:: Data for analysis ::
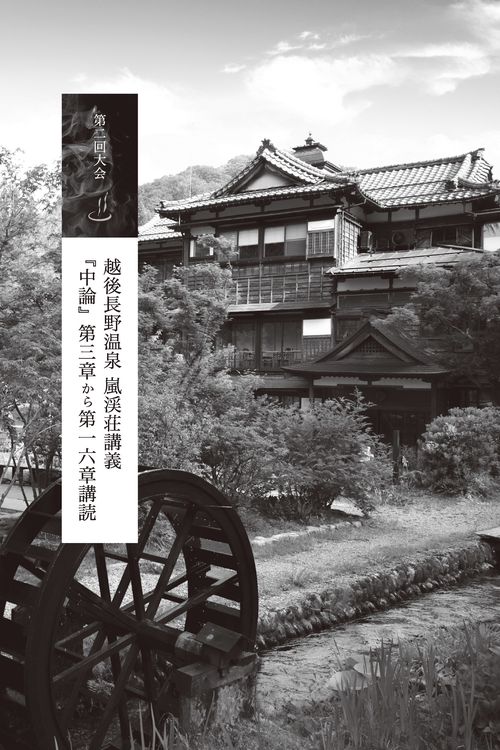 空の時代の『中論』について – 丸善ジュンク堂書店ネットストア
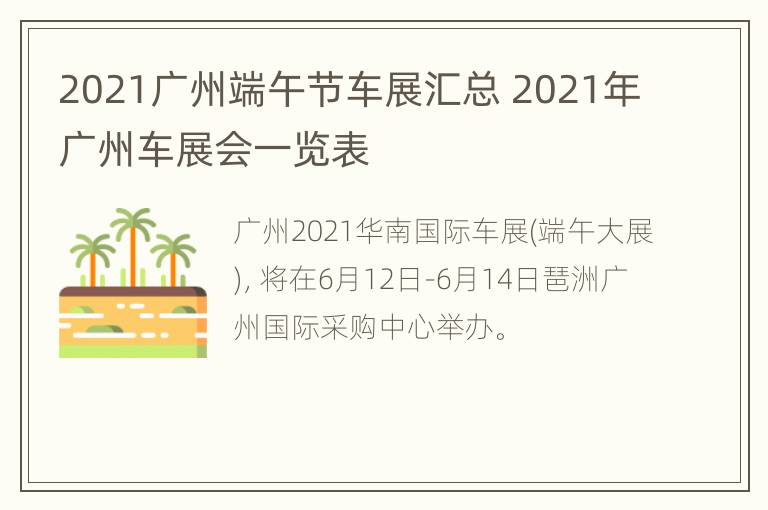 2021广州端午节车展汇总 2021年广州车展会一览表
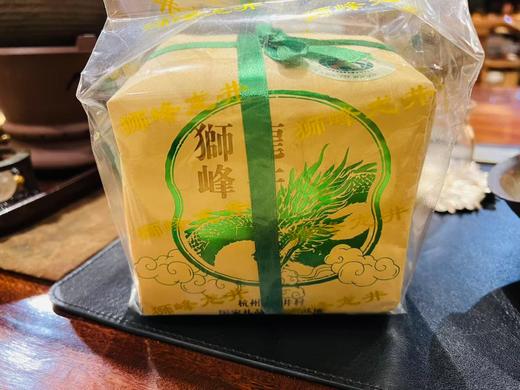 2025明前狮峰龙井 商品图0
...
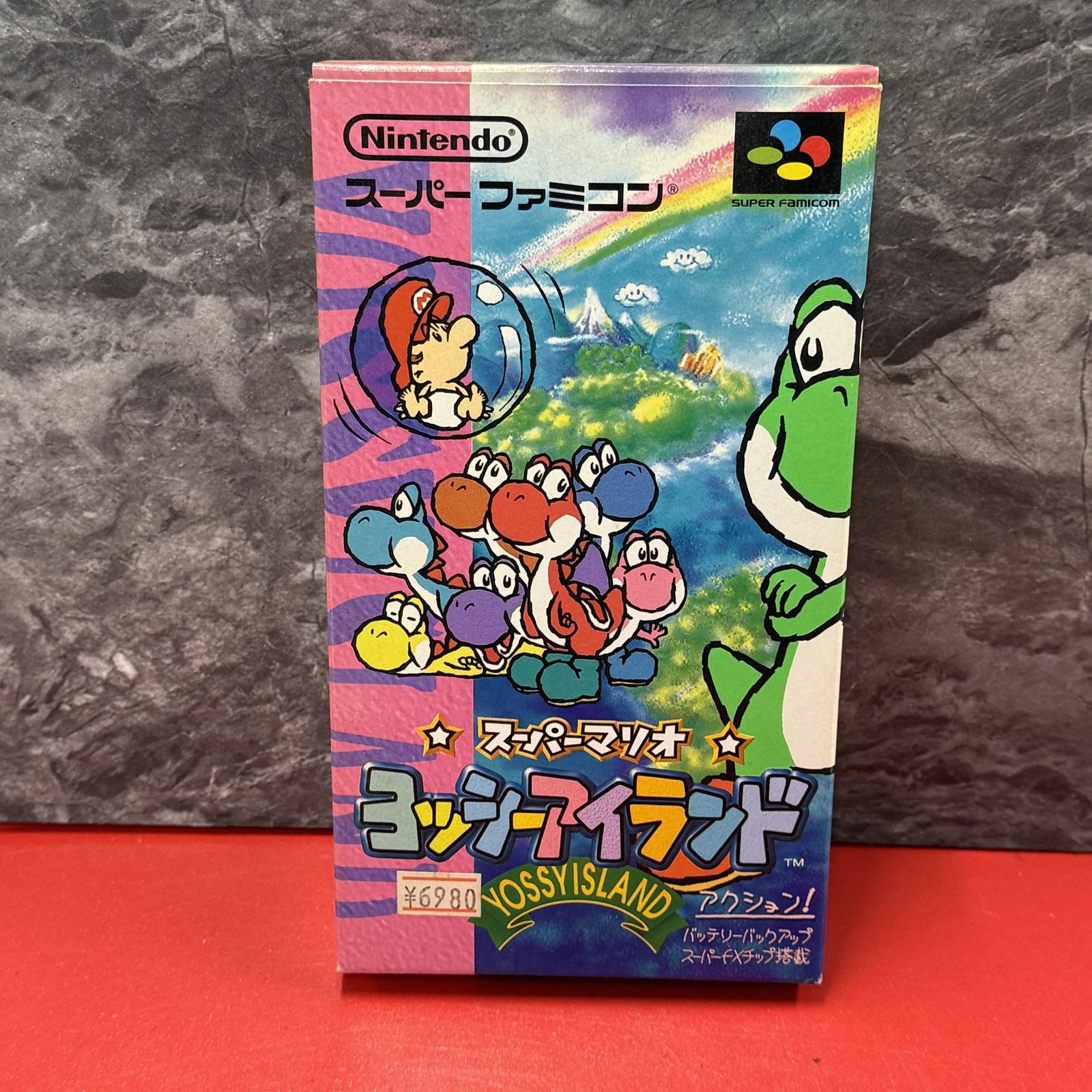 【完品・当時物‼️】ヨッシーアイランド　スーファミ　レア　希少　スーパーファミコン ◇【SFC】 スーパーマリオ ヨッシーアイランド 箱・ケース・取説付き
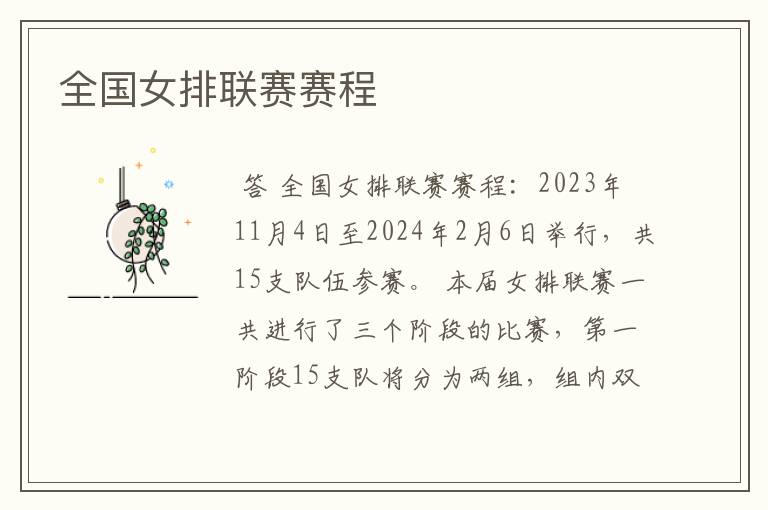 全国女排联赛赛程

:: Exercise prompt ::
Using the data above, return the lines from the one holding "空の時代の『中論』について – 丸善ジュンク堂書店ネットストア" through the one holding "2025明前狮峰龙井 商品图0" exactly, but not the pictures.

:: Your solution ::
 空の時代の『中論』について – 丸善ジュンク堂書店ネットストア
 2021广州端午节车展汇总 2021年广州车展会一览表
 2025明前狮峰龙井 商品图0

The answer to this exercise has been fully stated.